I remember that exactly. No, you have to leave it in the interview, because the people who are gracious and kind and socially apt, they look at me like: ‘God, Rothfuss looks tired’ and they  say: “you know, I’m not going to bug him, I’ll email, I’m not going to do whatever.” That’s exactly what I did. I went to see Patrick Stewart in Waiting for Godot and afterwards the person I was with said: “Do you want to go wait by the stage door?” and I’m like "He’s had a busy life and I can’t do much for him, and I’ll give him that eight seconds that he would otherwise spend signing  a program for me."

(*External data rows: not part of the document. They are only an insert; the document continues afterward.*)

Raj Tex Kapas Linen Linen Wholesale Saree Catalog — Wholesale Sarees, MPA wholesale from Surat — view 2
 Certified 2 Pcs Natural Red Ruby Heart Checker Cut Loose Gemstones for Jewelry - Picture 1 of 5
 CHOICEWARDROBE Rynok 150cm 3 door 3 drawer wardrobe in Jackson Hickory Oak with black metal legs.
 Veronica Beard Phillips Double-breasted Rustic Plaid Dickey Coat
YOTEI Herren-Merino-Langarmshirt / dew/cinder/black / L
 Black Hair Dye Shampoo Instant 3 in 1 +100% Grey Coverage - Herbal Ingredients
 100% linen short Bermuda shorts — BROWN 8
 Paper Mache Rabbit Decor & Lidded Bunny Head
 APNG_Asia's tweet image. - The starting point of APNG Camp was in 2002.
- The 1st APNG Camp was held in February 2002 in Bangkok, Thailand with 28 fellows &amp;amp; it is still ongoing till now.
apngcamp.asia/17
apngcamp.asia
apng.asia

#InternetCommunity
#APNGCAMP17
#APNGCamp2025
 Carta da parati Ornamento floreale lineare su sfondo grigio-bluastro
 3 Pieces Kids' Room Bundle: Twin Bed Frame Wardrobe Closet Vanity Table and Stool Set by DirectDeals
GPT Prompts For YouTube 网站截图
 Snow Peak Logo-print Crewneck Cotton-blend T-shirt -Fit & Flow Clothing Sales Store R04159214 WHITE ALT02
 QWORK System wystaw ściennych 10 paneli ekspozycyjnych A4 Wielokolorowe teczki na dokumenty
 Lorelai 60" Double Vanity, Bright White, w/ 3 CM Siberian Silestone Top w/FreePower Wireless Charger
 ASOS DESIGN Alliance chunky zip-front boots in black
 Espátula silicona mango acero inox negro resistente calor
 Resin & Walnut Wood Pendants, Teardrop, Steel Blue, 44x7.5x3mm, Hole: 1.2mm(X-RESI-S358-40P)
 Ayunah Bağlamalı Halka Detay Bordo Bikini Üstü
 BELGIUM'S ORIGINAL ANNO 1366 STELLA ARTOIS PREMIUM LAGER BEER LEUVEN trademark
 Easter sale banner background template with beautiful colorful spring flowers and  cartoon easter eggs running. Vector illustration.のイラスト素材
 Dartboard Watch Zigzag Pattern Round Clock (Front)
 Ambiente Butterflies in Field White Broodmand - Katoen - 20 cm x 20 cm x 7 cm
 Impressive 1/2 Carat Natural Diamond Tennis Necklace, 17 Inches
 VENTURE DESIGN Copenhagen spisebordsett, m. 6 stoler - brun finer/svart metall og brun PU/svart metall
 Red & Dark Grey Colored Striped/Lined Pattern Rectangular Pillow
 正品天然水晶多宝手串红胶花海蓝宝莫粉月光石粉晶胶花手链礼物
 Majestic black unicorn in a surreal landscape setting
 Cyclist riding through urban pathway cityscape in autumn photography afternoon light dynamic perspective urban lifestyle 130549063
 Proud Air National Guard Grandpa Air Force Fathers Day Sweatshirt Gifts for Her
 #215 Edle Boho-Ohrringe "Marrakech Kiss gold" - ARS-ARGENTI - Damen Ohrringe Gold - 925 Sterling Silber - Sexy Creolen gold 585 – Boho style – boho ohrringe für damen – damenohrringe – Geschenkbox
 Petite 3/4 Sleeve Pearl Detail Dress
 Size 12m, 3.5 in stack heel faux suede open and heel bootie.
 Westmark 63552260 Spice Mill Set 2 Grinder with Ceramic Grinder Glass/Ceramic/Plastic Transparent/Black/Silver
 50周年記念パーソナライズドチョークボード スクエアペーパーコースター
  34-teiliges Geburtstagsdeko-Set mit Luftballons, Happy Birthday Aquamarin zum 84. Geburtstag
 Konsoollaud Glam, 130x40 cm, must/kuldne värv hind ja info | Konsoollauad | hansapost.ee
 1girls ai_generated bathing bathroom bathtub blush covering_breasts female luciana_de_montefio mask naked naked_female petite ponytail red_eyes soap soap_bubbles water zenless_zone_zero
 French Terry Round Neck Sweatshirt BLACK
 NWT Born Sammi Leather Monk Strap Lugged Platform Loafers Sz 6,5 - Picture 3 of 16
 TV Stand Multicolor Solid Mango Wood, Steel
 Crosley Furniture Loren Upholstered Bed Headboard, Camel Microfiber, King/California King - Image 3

But the thing is, when I’m at a Con, I’m specifically there to be available for people and a lot of times people will come up to me and say “I’m so sorry to ask...” and it is really okay. The problem is the people who aren’t socially aware, or aren’t graceful, they’re the ones that will genuinely claw at you, and they never tell themselves “no”.  It’s this perennial problem that  I’m still trying to figure out a way to fix it.


*Have you thought of having three big bouncers, gargantuan bodyguards? They could be trained to let the gracious ones in, and stand in the way of those who can’t say “no” to themselves.*

Yeah, a sort of walking velvet rope that follows me around everywhere I go? I’ve been trying to fix that problem. I can do a book signing, and sign 500 books, and then I wouldn’t mind hanging out with one or two interesting, well-spoken people for some conversation and food after the signing. But I can’t take everyone, and sometimes people will say: “Hey, hang out with us.”

It used to be easy when a hundred people showed up to a signing and somebody’d say “Do you want to grab a drink?” and I would, because the stakes were lower. If it were a little awkward I’d beg off after twenty minutes or so.

A lot of my readers are wonderful, lovely people and of course, why wouldn’t you want to spend time with lovely people? But sifting them out from people who just want to claw at you, that’s how it can seem sometimes, that they want to tear a piece off you and eat it.


*So, Worldbuilders – up and running, doing its phenomenal roll out again, with so many people contributing, and we thank the internet for that. Last year, kissing Llamas... what can we expect for the late stretch goals this year?   *

The only reason that ended up last year was because I let people vote on it! It wasn’t really meant to be the cherry on top. We’ve got a bunch of lovely things happening – we’ve got authors singing and dancing, goofing off and playing video games.

Neil Gaiman is going to sing for us, I’m going to read a book to my little boy, some authors are coming together to read ‘Fox and Socks’. Well, reading as well as they are able to, and then screwing it up. Just generally people coming, having fun, goofing off and hoping to draw some attention to the fundraiser.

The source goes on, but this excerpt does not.